III. Frye's Conviction on Two Counts of Introducing Contraband Violated Double Jeopardy Principles
A. Preservation and Standard of Review
¶ 29 Frye preserved this issue by arguing that all but one of these counts should be dismissed or combined.
¶ 30 Double jeopardy contentions are reviewed de novo. See, e.g., People v. Arzabala, 2012 COA 99, ¶ 19, 317 P.3d 1196.
B. Background
¶ 31 Frye was charged with three counts of introducing contraband into a detention facility. The prosecution presented evidence that the search of Frye at the jail discovered methamphetamine, cocaine, and oxycodone. The jury convicted her on two of these counts and acquitted her on one of them. The trial court imposed concurrent sentences on the two convictions.
C. Law
¶ 32 The Double Jeopardy Clauses of the United States and Colorado Constitutions protect against “multiple punishments for the same offense.” Woellhaf v. People, 105 P.3d 209, 214 (Colo. 2005) (internal quotation marks omitted). But “upon a clear showing of legislative intent, the General Assembly is free to authorize multiple punishments based upon the same criminal conduct without offending the Double Jeopardy Clause.” Meads v. People, 78 P.3d 290, 293 (Colo. 2003). “To determine the legislative intent, we look to the statutory language itself and give the words and phrases their ordinary and commonly accepted meaning.” Cain v. People, 2014 CO 49, ¶ 10, 327 P.3d 249.
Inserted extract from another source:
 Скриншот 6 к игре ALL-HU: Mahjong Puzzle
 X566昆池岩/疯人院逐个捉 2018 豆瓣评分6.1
¶ 33 Where, as here, multiple charges arise under the same statute, the Double Jeopardy inquiry narrows to the “unit of prosecution,” which is “the manner in which a criminal statute permits a defendant's conduct to be divided into discrete acts for purposes of prosecuting multiple offenses.”Woellhaf, 105 P.3d at 215. Based on reasons including “the appropriateness of multiple punishments” and “the practical consequences of requiring that similar or related acts be distinguishable,” the General Assembly may treat acts “motivated by a single objective, for example, as a single crime.” People v. Abiodun, 111 P.3d 462, 465 (Colo. 2005).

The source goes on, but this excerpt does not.